Re: Lenovo 3000 N100 i8042 problems

Previous thread: Misc fixes for 2.6.27 by David Woodhouse on Monday, September 1, 2008 - 1:14 pm. (17 messages)

Next thread: [path] don't diff generated firmware files by Arjan van de Ven on Monday, September 1, 2008 - 3:09 pm. (8 messages)
From: Daniel Barkalow
Date: Monday, September 1, 2008 - 2:46 pm

In 2.6.25.10, I'm finding that my i8042 seems to die after a while. In the 
middle of using the keyboard and mouse, generally before some key release 
is handled, it stops taking any input.

This seems to be due to 2a2dcd65e232eafd9fb6da1250f83adb57787b42; it works 
fine with that reverted. Perhaps that quirk is being applied too widely? 
Perhaps the workaround doesn't actually work on my computer? I couldn't 
find the bug report that led to that patch, so I'm not sure if I've been 
having whatever problem it was for all along and I never noticed, or if my 
3000 N100 is just different (Lenovo seems to have given a 
specific-sounding number to some very different hardware).

	-Daniel
*This .sig left intentionally blank*
--

From: Jiri Kosina
Date: Monday, September 1, 2008 - 4:29 pm

Hi Daniel,

thanks for tracking down the commit. Also, please don't forget to CC the 
commit author in such cases :)

Could you please send a dmidecode output from your system, so that we can 
compare it to the one provided by Christopher, as he as the system that 
apparently needs the nomux quirk to work correctly? It's indeed possible 
that there are various systems out there, and the DMI match has to be made 
more strict.

Thanks,

-- 
Jiri Kosina
SUSE Labs

--

From: Daniel Barkalow
Date: Monday, September 1, 2008 - 5:23 pm

Oh, right, the Author field. I confused myself by finding you as the 

Attached.

	-Daniel
*This .sig left intentionally blank*
From: Jiri Kosina
Date: Tuesday, September 2, 2008 - 2:23 am

Hmm, so you have

Handle 0x0001, DMI type 1, 27 bytes
System Information
        Manufacturer: LENOVO
        Product Name: 076836U
        Version: 3000 N100
        Serial Number: L3H0536
        UUID: 6747DA31-D471-11DA-901B-000FB0C9A0C9
        Wake-up Type: Power Switch
        SKU Number: Not Specified
        Family: Not Specified

Handle 0x0002, DMI type 2, 8 bytes
Base Board Information
        Manufacturer: LENOVO
        Product Name: MPAD-MSAE Customer Reference Boards
        Version: Not Applicable
        Serial Number: 41W1220Z1ZBUA6551DK

and the system on which Christopher reported originally this bug to me was

Handle 0x0001, DMI type 1, 27 bytes
System Information
        Manufacturer: LENOVO
        Product Name: 076804U
        Version: 3000 N100
        Serial Number: L3HX754
        UUID: DA02FA2F-A0AC-11DB-A093-000FB0D2560C
        Wake-up Type: Power Switch
        SKU Number: Intel
        Family: Lenovo

Handle 0x0002, DMI type 2, 8 bytes
Base Board Information
        Manufacturer: LENOVO
        Product Name: CAPELL VALLEY(NAPA) CRB
        Version: Not Applicable
        Serial Number: 41W8025Z1ZCZ971N36R                                      


so the product name both of System and Base Board are different, and 
apparently the systems differ. Dmitry, what fields would you propose to be 
put in the DMI matching here? I will do the patch then.

Thanks,

-- 
Jiri Kosina
SUSE Labs
--

From: Henrique de Moraes Holschuh
Date: Tuesday, September 2, 2008 - 5:43 am

Are you sure you shouldn't be looking at BIOS version, instead? I don't know
how the Lenovo N100 series is, but chances are their i8042 is emulated
inside the ACPI EC, i.e. a firmware upgrade can change the i8042 behaviour.

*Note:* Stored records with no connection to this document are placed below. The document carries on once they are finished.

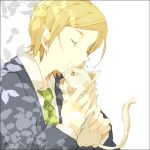  1boy animal bangs blonde_hair cat closed_eyes fingers formal fur green_necktie hands hideki_sohta holding hug light_smile male_focus misao necktie parted_bangs shadow shinkaisakana simple_background size_difference solo suit tears tree_branch upper_body white_background 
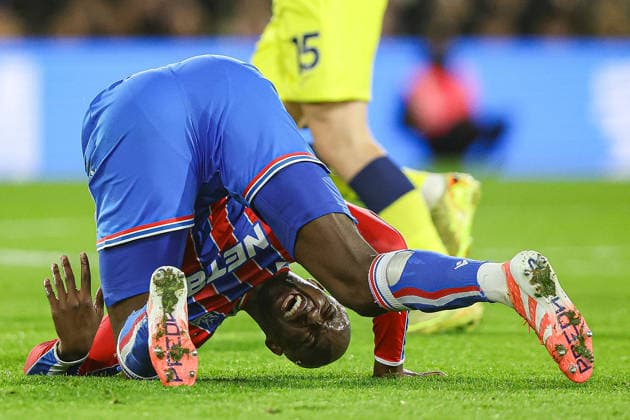 28th December 2025; Selhurst Park, Selhurst, London, England; Premier League Football, Crystal Palace versus Tottenham Hotspur; Jean-Philippe Mateta of Crystal Palace after being tackled by Micky van de Ven of Tottenham Hotspur  IanxStephen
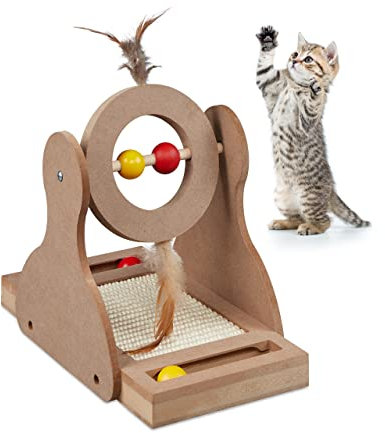 Relaxdays Kratzspielzeug, Katzenbrett MDF & Sisal, HxBxT: 30x17x30 cm, Spielrad, Kugeln & Federn, Katzenspielzeug, Natur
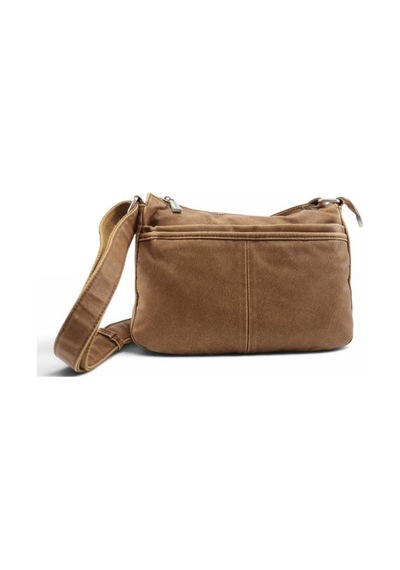 Baginn Eskitme Yıkama S.deri Günlük Postacı Çanta Çapraz Askılı Kadın Omuz Çantası 27 17 Cm Retro Taba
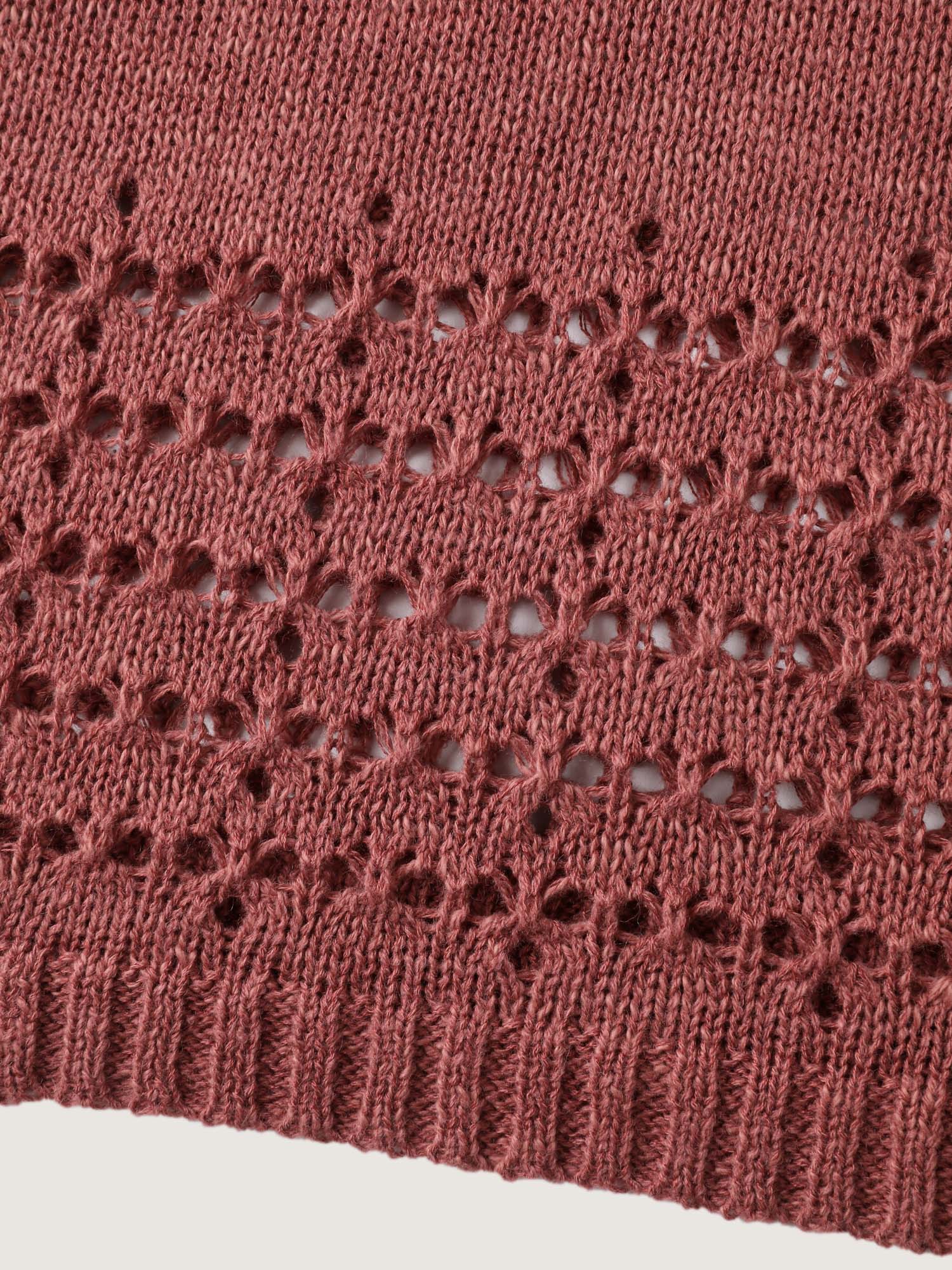 Piled Collar Cut-Out Solid Lightweight Pullover - Image 5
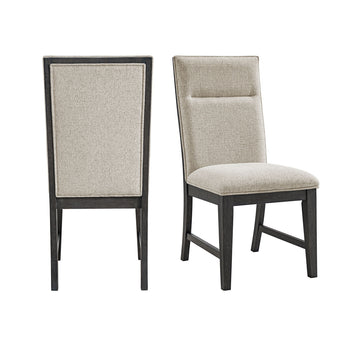 Axel - Silla de comedor de tela (juego de 2) - Gris claro/Espresso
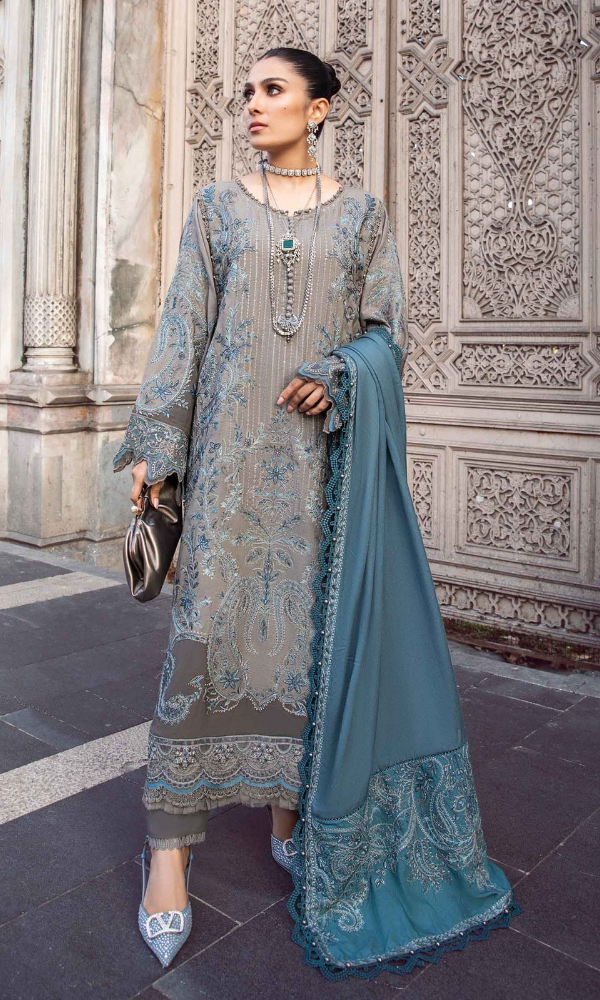 Maria.B - 3PC (Unstitched) Heavy Embroidered Dhanak Suit - GKA7506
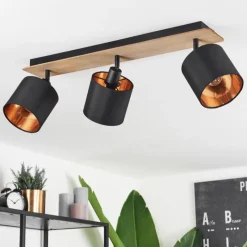 Lampes En Tissu-hofstein Plafonnier Alsen Bois foncé, Noir, 3 lumières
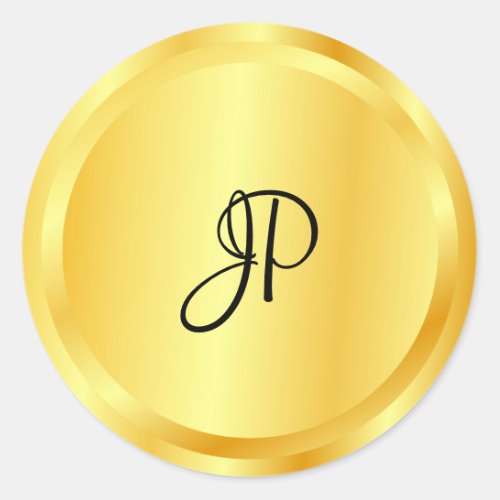 Faux Gold Metallic Look Monogram Trendy Elegant Classic Round Sticker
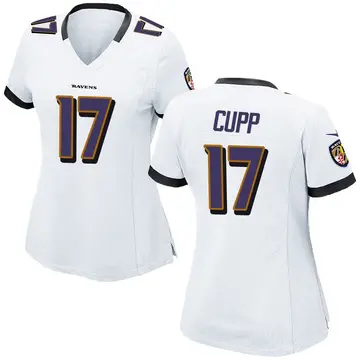 White Women's Baylor Cupp Baltimore Ravens Game Jersey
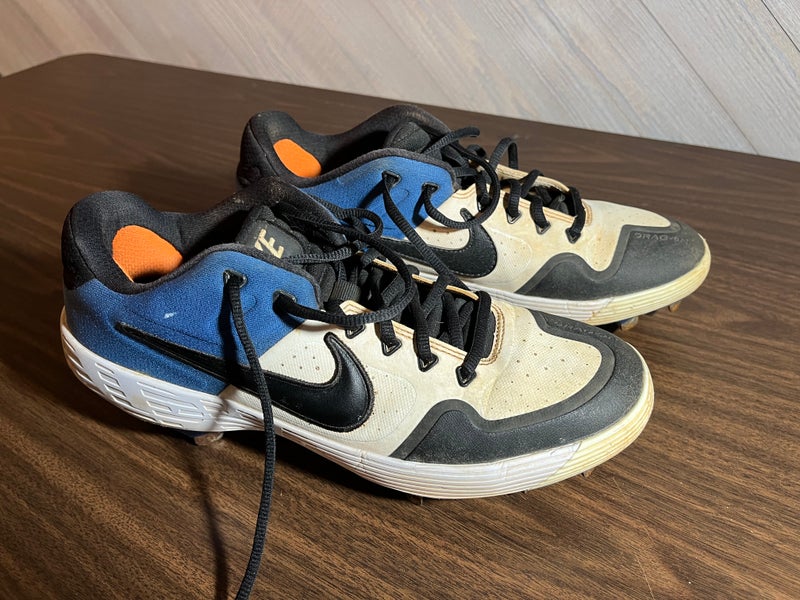 Black Used Size 9.0 (Women's 10) Nike Alpha Huarache Elite 2 Low - White/Blue/Black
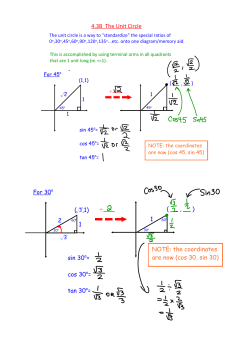 4.3B The Unit Circle ( ,1) 1 ( __ , __ ) ÷___ 1 sin 30o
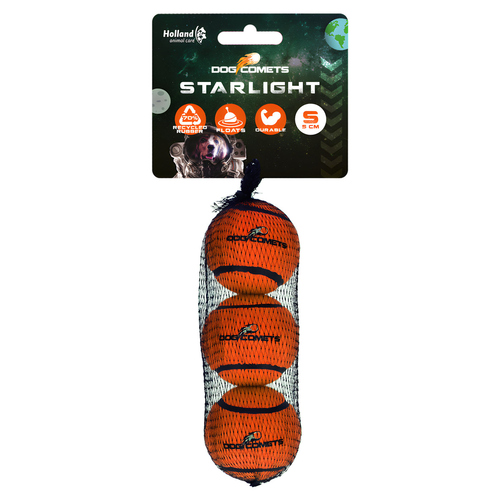 weitere Abbildung Dog Comets Hundespielzeug Starlight Tennisball orange - 3er Pack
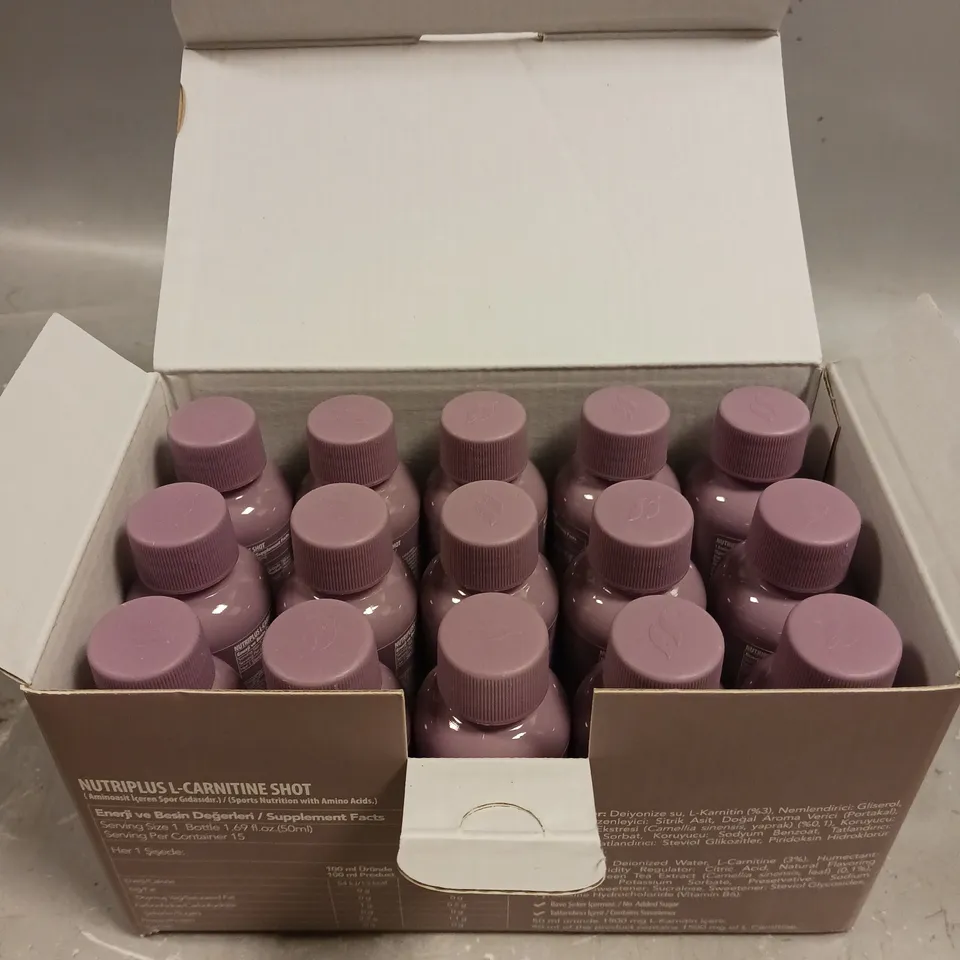 BOXED NUTRIPLUS L-CARNITINE SHOTS - 15 X 20ML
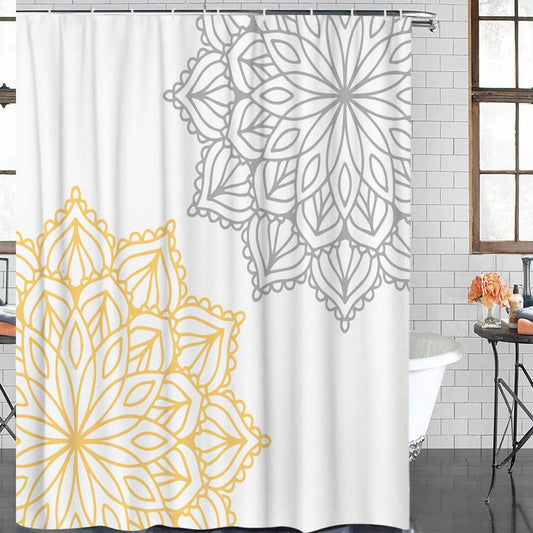 Abstract Dahlia Flower Yellow Gray Shower Curtain 36x72in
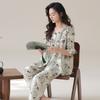 Pajamas Women's 1011 New Summer Thin Short-sleeved Tencel Court Style Large Size Can Be Worn Outside Loungewear Suit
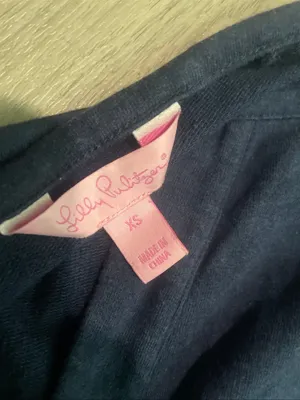 Lilly Pulitzer Navy V-Notch Pullover Top thumbnail 2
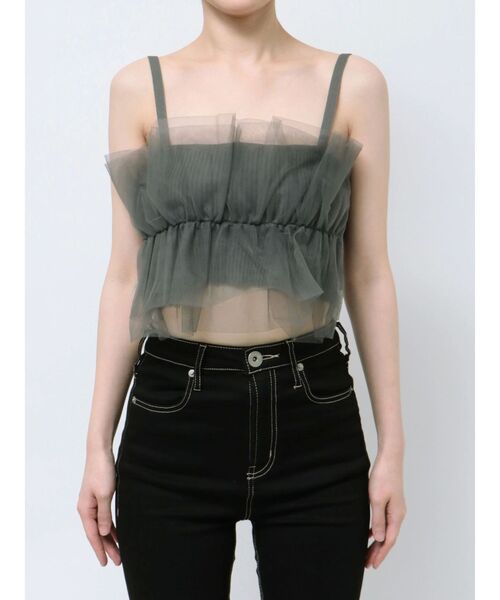 GYDA（ジェイダ）の「チュールドッキングニットビスチェ（キャミソール・レディース・ブラック/グレー・FREE）」の17枚目の写真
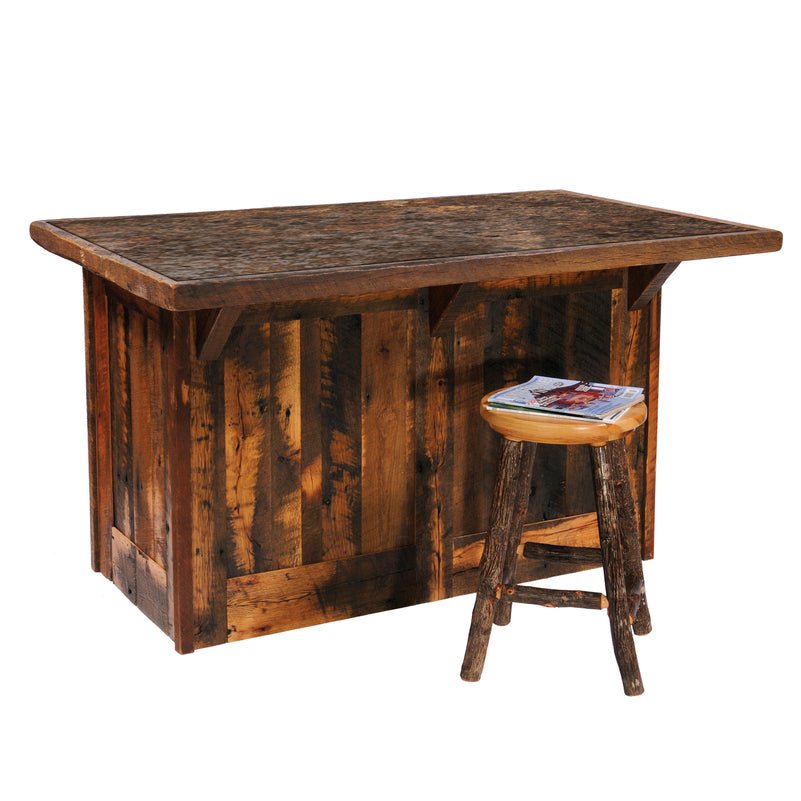 Fireside Lodge Barnwood Kitchen Island with Artisan Top - 60-inch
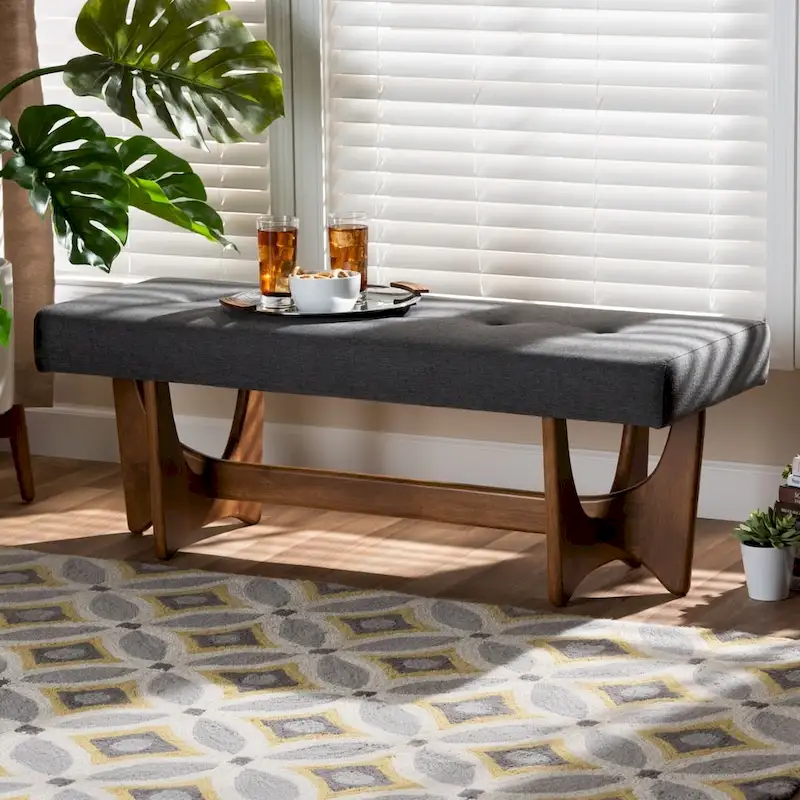 Mid-Century Modern Upholstered Button Tufted Bench
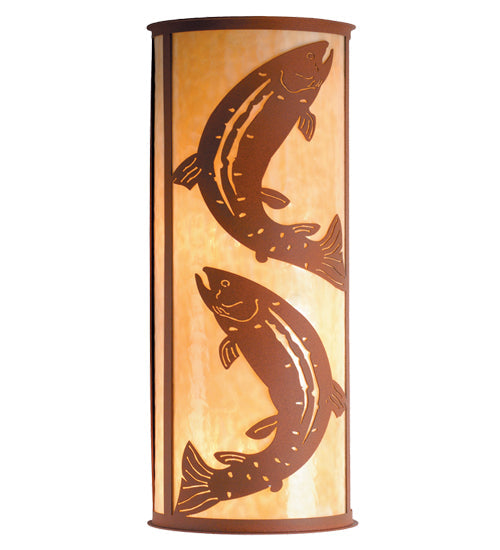 Meyda Lighting Leaping Trout 13" 4-Light Earth Wall Sconce With Beige Art Shade Glass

I'd check BIOS versions, and ask people to upgrade to the latest, to see if
the problem goes away (or changes).  Then you will know for sure the best
approach.

-- 
  "One disk to rule them all, One disk to find them. One disk to bring
  them all and in the darkness grind them. In the Land of Redmond
  where the shadows lie." -- The Silicon Valley Tarot
  Henrique Holschuh
--

From: Dmitry Torokhov
Date: Tuesday, September 2, 2008 - 5:51 am

Unfortunately we can't do "less than" type of comparison on DMI data,


Keeping compatibility with the other OS is the safest way so unless
Vista started using active MUX there is probably update to the BIOS
fixing legacy mux mode.

-- 
Dmitry
--

From: Dmitry Torokhov
Date: Tuesday, September 2, 2008 - 5:43 am

I guess we could use System's product name to differentiate between
Cristopher's and Daniel's boards. Although I must admit it is the very
first time when I see a box that behaves better with active mux. DOes
Vista use active mux nowadays? Because if it is not then I bet there
is (or shortly will be) a BIOS update fixing legacy mode on Daniel's
box.

-- 
Dmitry
--

From: Daniel Barkalow
Date: Tuesday, September 2, 2008 - 9:16 am

Mine's actually old (came with XP). It's still got the original BIOS 
(because I haven't found a way to upgrade the BIOS without reformatting my 
hard drive to include Windows), and I remember there being an upgrade 
available, but I don't think it had anything to do with keyboard/trackpad 
stuff.

In what way does active mux usually behave badly? It's possible that 
legacy mode only has a bug that doesn't matter to Windows, and active mux 
may have some of the usual problems but nothing I particularly noticed.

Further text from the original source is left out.